Ukuran Nasionalisme Warga Indonesia
Lalu kemudian, rasa kesetiaaan, rasa nasionalisme, dan patriotisme warga negara kepada bangsa dan negaranya dapat diukur dari sikap, tindakan, menghayati, mengamalkan Pancasila yang mana sebagai sendi, azas, serta dasar ideologi negara ini yang juga mengatur pola perilaku dan tingkah laku warga negaranya ke arah yang baik. Dalam artian baik disini ialah, seluruh insan manusia dalam satu ikatan negara, negara Indonesia, bersama-sama mampu untuk menciptakan sikap yang menjunjung tinggi butir-butir amalan Pancasila. Karena dengan berpegang teguh kepada Pancasila diharapkan, apapun itu pengaruh yang datangnya dari luar. Dalam kata lain, pengaruh budaya negara lain berupa kebiasaan atau tren kekinian yang tengah populer atau digandrungi masyarakat internasional yang berpotensi untuk merusak amalan Pancasila, tidak akan pernah mampu menggoyahkan semangat Pancasila di dalam hati sanubari kita.

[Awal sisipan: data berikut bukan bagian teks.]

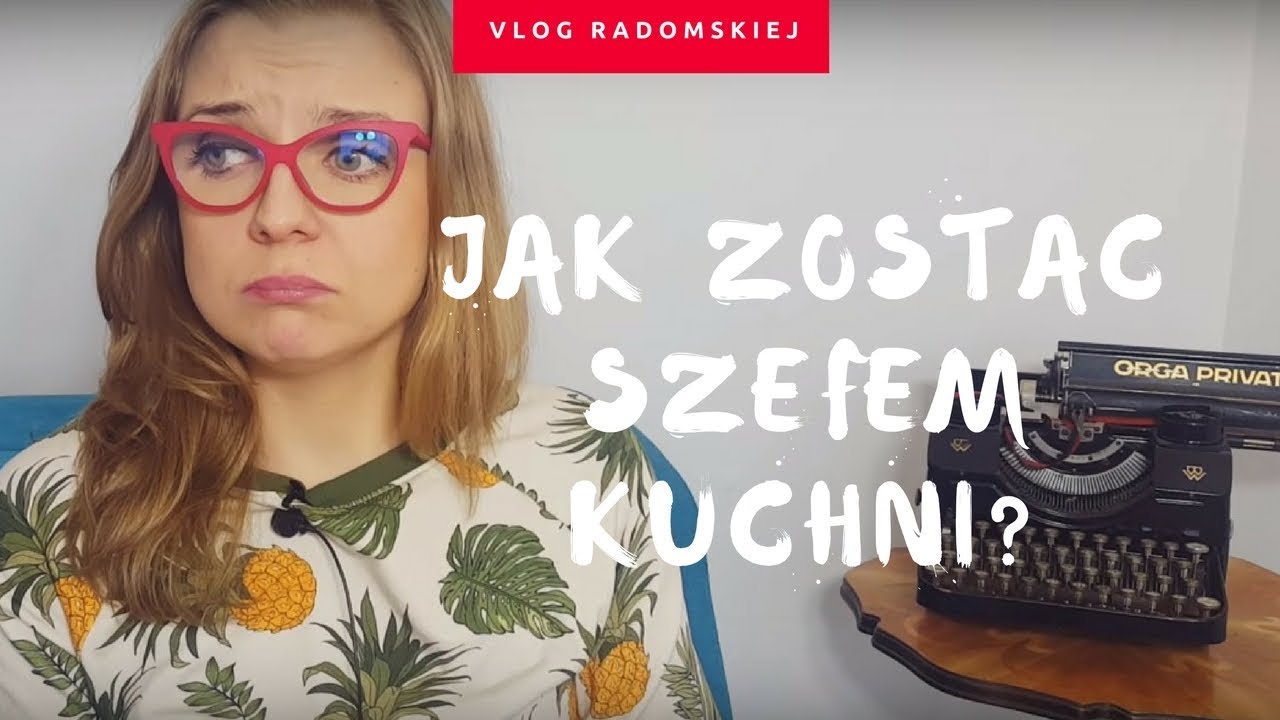 Randki azjatyckie luton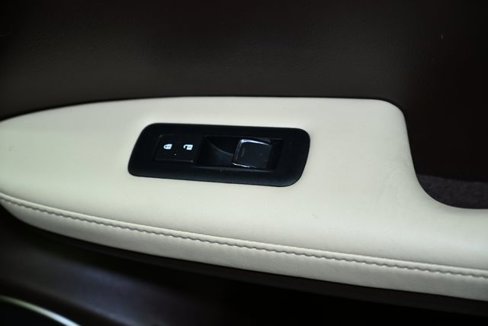 Used 2017 Lexus RX 350 FWD image 64
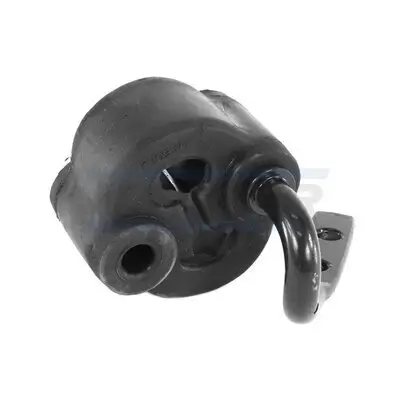 Halter, Abgasanlage WALKER 80414 Bild Halter, Abgasanlage WALKER 80414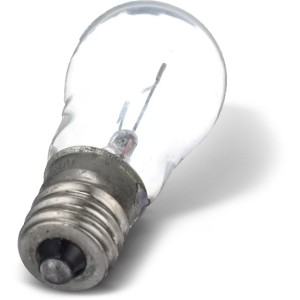 GE GE DISPENSER LIGHT - 3150243 | Lowe's Pro Supply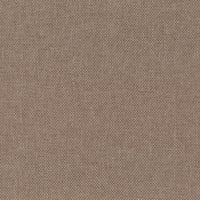 Jab Anstoetz Chelsea 071 Fabric JA1009-071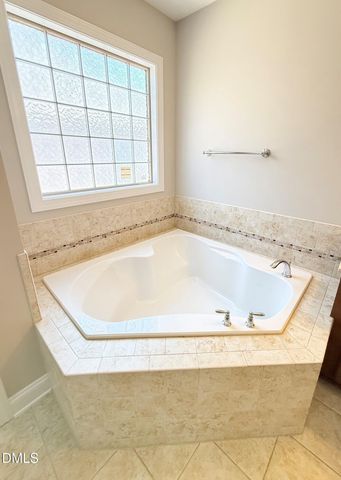 1548 Lily Creek Drive, Cary, NC 27518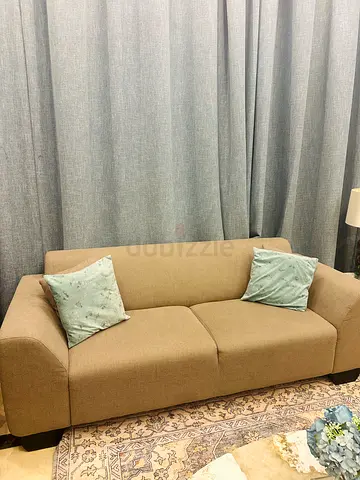 7 seater sofa set by royal furniture
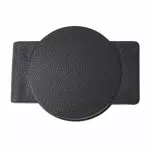 4L3Z15402A36AA - Body: Cap for Ford: F-150 Image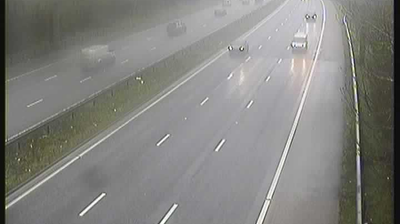 Recent Ashford Webcam Image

Keterkaitan Pancasila dengan Zaman Kerajaan
Bukti dari ikrar yang pernah didengungkan oleh seluruh pahlawan/orang-orang Indonesia di masa lalu dan memiliki keterkaitan hubungan satu sama lain, salah satunya adalah Pancasila. Istilah Pancasila itu sendiri telah dikenal sejak zaman kerajaan Majapahit berkuasa pada abad XIV yang terdapat dalam buku Nagara Kertagama karangan Prapanca dan buku Sutasoma karangan Tantular. Dikutip dari buku Sutasoma, Pancasila selain mempunyai arti “Berbatu sendi yang lima” (Sansekerta). Pancasila juga memiliki arti “Pelaksanaan kesusilaan yang lima”. Rumusannya ialah:
1. Tidak boleh melakukan kekerasan
2. Tidak boleh mencuri
3. Tidak boleh berjiwa dengki
4. Tidak boleh berbohong
5. Tidak boleh mabuk minuman keras / obat-obatan terlarang
Pengertian Pancasila
Pancasila yang juga mengatur kehidupan bernegara dan pemerintahan, yang ditetapkan pada tanggal 18 Agustus 1945, sesungguhnya telah dipraktekkan oleh nenek moyang bangsa Indonesia di masa lalu. Rumusan Pancasila seperti tercantum dalam paragraf ke-4 preambule UUD 1945:
1. Ketuhanan Yang Maha Esa
Bangsa Indonesia menyatakan kepercayaannya dan ketakwaannya terhadap Tuhan Yang Maha Esa sesuai dengan agama dan kepercayaannya masing-masing.
2. Kemanusiaan yang adil dan beradab
Mengakui harkat martabat, persamaan derajat, persamaan hak, dan kewajiban asasi setiap manusia, tanpa membeda-bedakan suku, keturunan, agama, kepercayaan, jenis kelamin, kedudukan sosial, warna kulit dan sebagainya.
3. Persatuan Indonesia
Mampu menempatkan persatuan, kesatuan, serta kepentingan dan keselamatan bangsa dan negara sebagai kepentingan bersama di atas kepentingan pribadi dan golongan.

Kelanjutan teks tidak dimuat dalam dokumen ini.